La ghiaia bianca, l’abito scuro, il suo volto pallido e terso, il suono limpido e flebile che sin dai primi istanti si comincia a udire, i movimenti dapprima impercettibili e poi più definiti nello spazio sembrano essere un gioco di corrispondenze poetiche. Il corpo, mediante la sua naturale contrazione e il conseguente rilassamento che ne scaturisce, trae dall’ascolto di ciò che gli sta attorno elementi che facilitano il contatto. Un contatto non reiterato ma passeggero, gentile, impercettibile e profondo, pronto ad abbandonarsi alla perdizione per lasciare spazio a nuove e ulteriori prospettive. Un corpo attento e silenzioso capace di mettersi in ascolto, capace di rendere ogni momento di passaggio un attimo indispensabile, seppur nella sua fugacità.

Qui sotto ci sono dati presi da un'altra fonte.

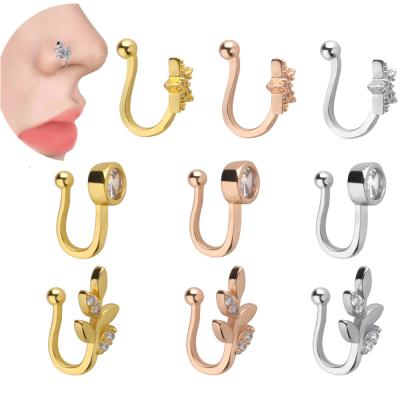 China Cute Fake Nose Jewelry Clip On Ring Non Piercing Fake Nose Nose Ring For Women Men for sale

Ogni cosa muta in qualcos’altro, ogni gesto ne genera un altro e un altro ancora. Il corpo della performer, svestendosi del lungo peplo e abbandonando la porzione di spazio iniziale, incomincia a muoversi verso altre direzioni; i suoi piedi, spostandosi dalla ghiaia ai ciottoli, sperimentano qualità differenti, si levano verso l’alto come a volersi immergere in quell’aria ove il respiro di ogni spettatore si riversa e per un breve istante tutto permane. Ogni suo movimento, pur inscrivendosi all’interno di una partitura musicale ben definita, produce suono, una traccia passeggera nello spazio e negli occhi di uno spettatore sempre più coinvolto a entrare in condivisione.

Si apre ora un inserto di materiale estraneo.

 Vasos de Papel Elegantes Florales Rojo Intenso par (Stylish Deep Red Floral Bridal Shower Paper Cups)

La ricerca di Stefania Tansini, attraverso il suo corpo che muta le sue forme per ricercarne delle nuove, si spinge verso un’incostante autenticità che rimane inafferrabile. Le apparizioni effimere sembrano lanciarsi verso un vuoto dove la caduta non giunge mai al suo compimento ultimo. Lo spettatore, come colto da bagliori, si lascia catturare per poi consapevolmente smarrirsi in essi.
La scena e la platea rappresentano dunque, nella ricerca di Tansini, due elementi imprescindibili dello spazio della performance, che coabitano pacificamente nella prospettiva di perdersi l’uno dentro l’altro, abbandonandosi all’evoluzione. Lo spettatore non può che avventurarsi in questo giardino che è la vita stessa, unica cosa duratura fino al suo fine ultimo. Tuttavia, la vita permane solo finché un continuo e rinnovato coagulo di attimi fugaci, instabili e caduchi la costituisce, proprio come scrive l’autore portoghese, narratore della modernità attraverso la metafora e l’allegoria.
Ancora una volta l’artista premio UBU 2022 nella categoria miglior performer under 35 si è rivelata essere una autrice prolifica e attenta al movimento, nel suo essere presenza e assenza al tempo stesso.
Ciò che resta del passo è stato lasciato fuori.